While Paulo, in his book, highlight the woman choice of becoming a prostitue, I find myself disagreeing with his view this time as I can’t really understand how anyone would choose to sell his body like thins unless she has gone through some special circumstances that left her no real choice but to sell her last asset.

In our society, sex is a taboo, and so a prostitue is looked at to be a sub-human. Most would prefer to stay away of them, others would feel legimate to treat them badly. There is no sense of sympathy towards those women as we percieve them to be morally corrupted creatures that has no right to be treated decently. We judge harshly refusing to look closer for other reasons such women sell their bodies for.

When poverty is presented as a reason, most of us claim their high righteousness. Women with good conidtions would claim that they prefer to die starving rather than selling their bodies dismissing any small compassion with prostitues because they don’t really know what it means to be in real poverty.

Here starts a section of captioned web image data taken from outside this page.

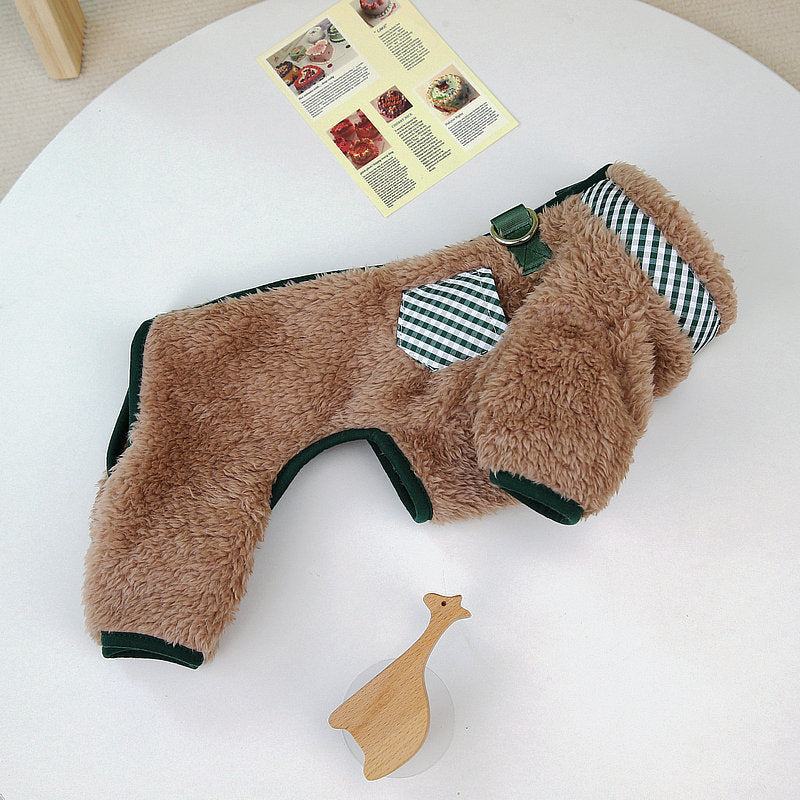 Four-Legged Fleece Pet Outfit with Double-Ring Buckle
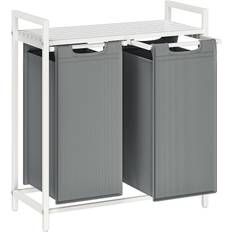 Vasagle - Dobbelt vasketøjskurv 73x33x72 (hvid/grå)
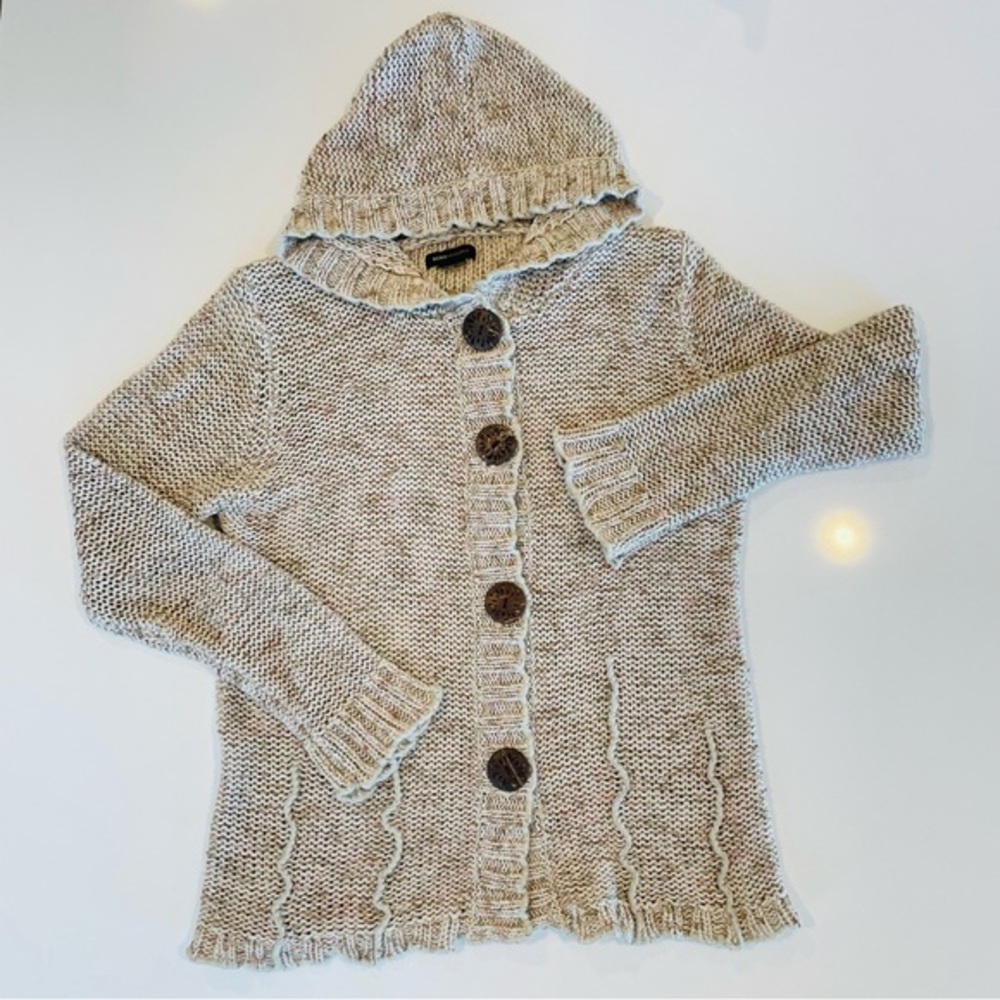 BCBGMaxAzria oatmeal, hooded cardigan with ruffle knit hems & wooden buttons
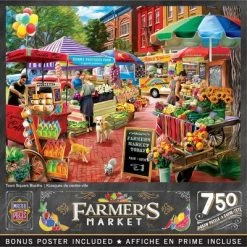 MasterPieces 750 Piece Jigsaw Puzzle For Adults, Family, Or Kids - Town Square Booths - 18"x24"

They present a counter argument. Look at maids. They prefer to work hard rather than selling their honor. I wonder how true is this? and how honor is left their to the maids in our houses? They are subjected to even more humilation than prostitues, and at many times to sexual harrassment and even continous raping from their Masters. Have anyone wondered why maids are usually bad looking women? I guess they would choose prostitution if they have the choice.

Shall we legalize it?
With hundreds, or thousands of prostitues in our city. An accepting social behavior in between our youth. One has to fear the consequences of this hidden unorganized world. How bad it would be to legalize the whole process? As of having some official rules to govern the whole process in order to at least minimize that health risks that our youth are subjected to. At the same time provide some protection to those unfortunate women who are being used and treated as slaves to their employers who are the only one benefitted from keeping the situation as it is.

Or maybe we prefer to keep it this way because those who dare to be a prostitue and those who sleep with one does deserve any kind of punishment they would get out of such act? I wonder if people would feel the same way knowing that their son or daughter can easily get in such situation one day.